RESEARCH INTERESTS

• Stein's Method

• Random Graphs

• Malliavin Calculus

• Poisson Measures

• Central Limit Theorems

These are four types of graphs that share two characteristics: they have been built on a Poisson process, and their construction is in some sense 'local', either because they look for their nearest spatial neighbour under some constraints, or because they only connect to points within a certain deterministic radius. Using the Malliavin-Stein method (in particular Last, Peccati, Schulte 2016, AAP), one can asses the behaviour of these graphs on a global scale by studying what happens locally when you add a point. In this way, we derive Central Limit Theorems. During my PhD, I studied what happened when you look at the sum of the edge-lengths to some negative power. In this case, the function only satisfies reduced moment conditions, and one needs a lower-moment version of the Malliavin-Stein method, see (T. 2025 AAP).

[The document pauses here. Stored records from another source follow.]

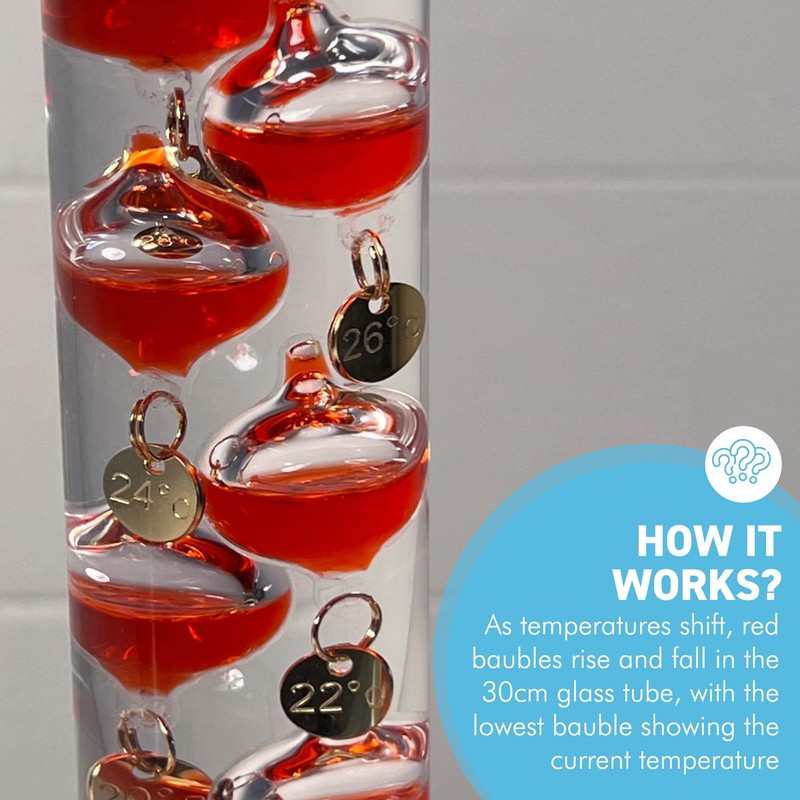 30cm Tall Free Standing Galileo Thermometer with seven red floating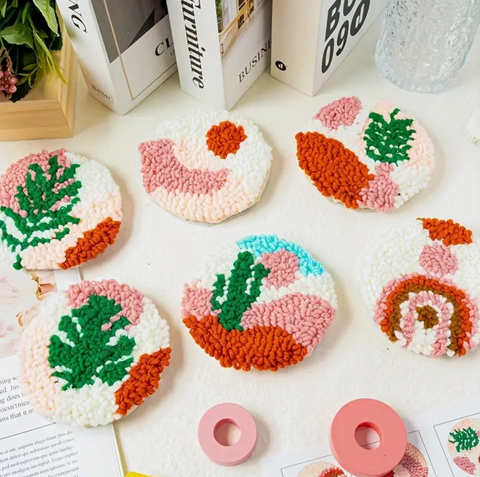 6 Set Plant Carpet Coasters DIY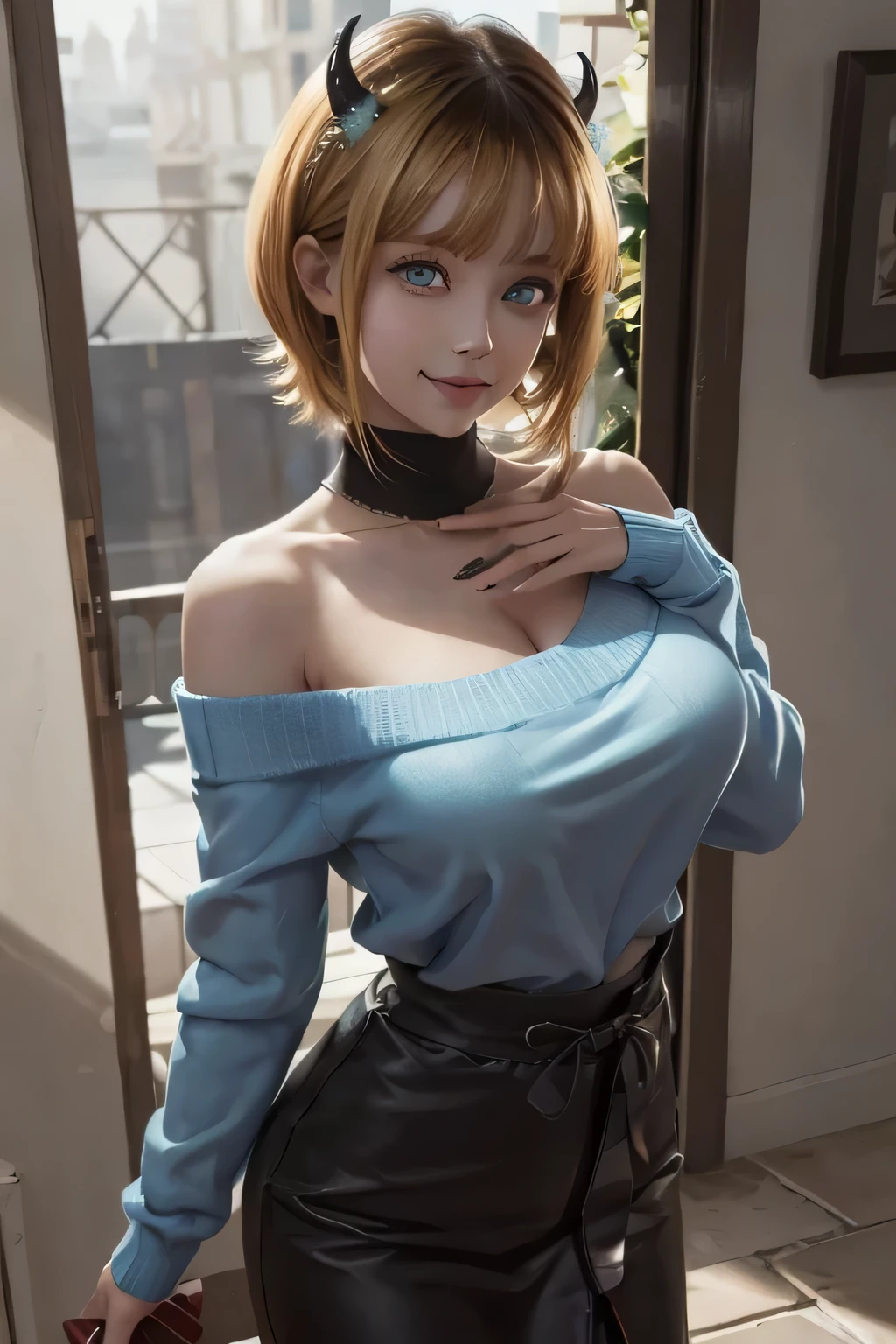 memcho, memcho, (big boobs:1.3), blonde hair, blue eyes, dull bangs, devil horn, fake horn, horn, short hair, BREAK Bare Shoulders, black skirt, (blue sweater: 1.5), long sleeve, off shoulder, off shoulder sweater, plump sleeves, skirt, sweater, white ribbon, Take a break to watch the audience,  (at the park), (masterpiece: 1.2), best quality, High resolution, Unity 8k wallpaper, (An illustration: 0.8), (beautiful eye details: 1.6), very detailed顔, perfect lighting, Detailed CG, (perfect hands, perfect anatomy) , perfect eyes, Have a very sexy body, full chest and thin waist, and very sexy body, bold look. young, quality, very detailed, realistic, smile, Calm, perfect eyes, Have a very sexy body, full chest and thin waist, and very sexy body, bold look. young, quality, very detailed, realistic, Are standing, smile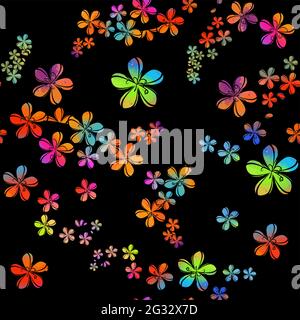 A seamless background with colorful flowers. Fabric with iridescent little flowers. Mixed media. Vector illustration Stock Vector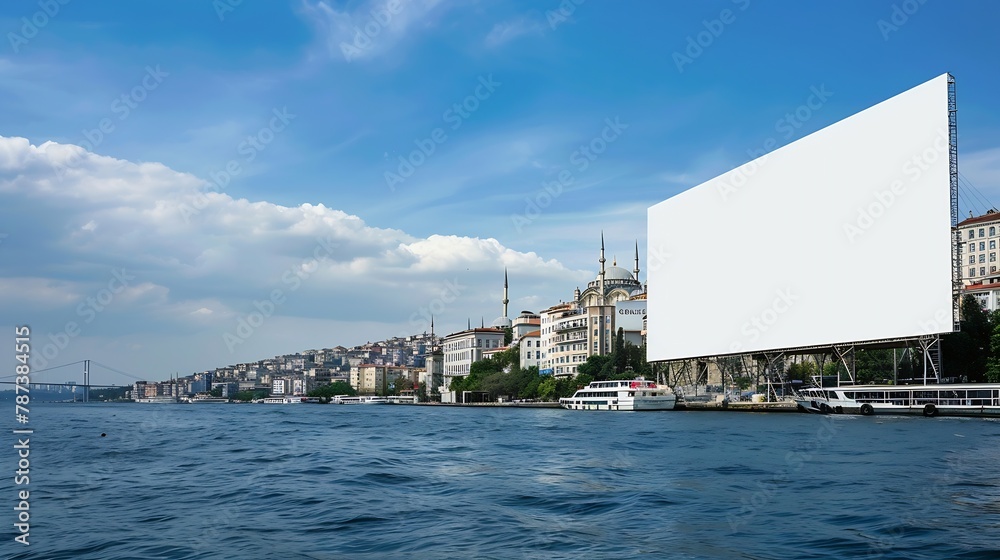 Blank White Billboard and Bosphorus River Blue Sky : Generative AI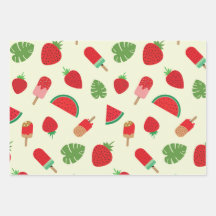 fresas, sandía y patrón de paleta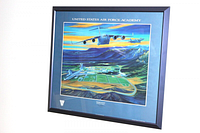 Framed lithograph with blue frame, showing the USAFA and air transport planes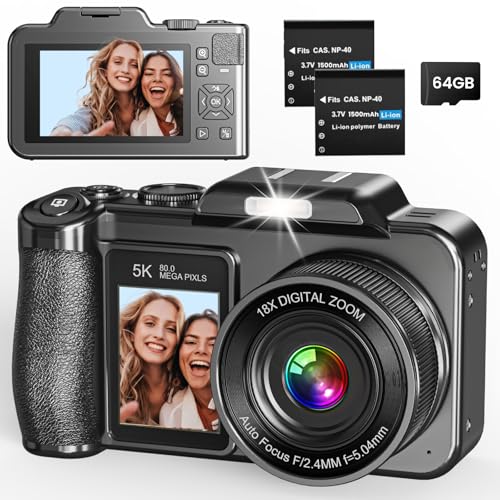 Digital Camera, 5K 80MP 3.5'+2' Dual Screen Cameras for Photography Autofocus, 18X Digital Zoom Vlogging Camera for YouTube, Travel, Beginners, Include 64GB Card and 2 Batteries, Black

These graphs are equally interesting in non-Euclidean geometries. This is a nearest neighbour embracing graph (see Sambale, Thäle, T. 2024 arXiv), where a point keeps connecting to its closest neighbours until it is included in the convex hull of its neighbours. On the left, the graph is constructed in Euclidean space, on the right in the hyperbolic plane (represented in the Poincaré disk model). In both cases, we can show that the 'local construction' prevails in some sense, and derive quantitative central limit theorems of speed Var(F)^{-1/2}. The variances are of the order 'volume of the observation window' in which we observe the graph. If this window is a ball of radius r, then in the Euclidean case the speed of convergence is r^{-d/2}, while in the hyperbolic case it is e^{-(d-1)/2 r}.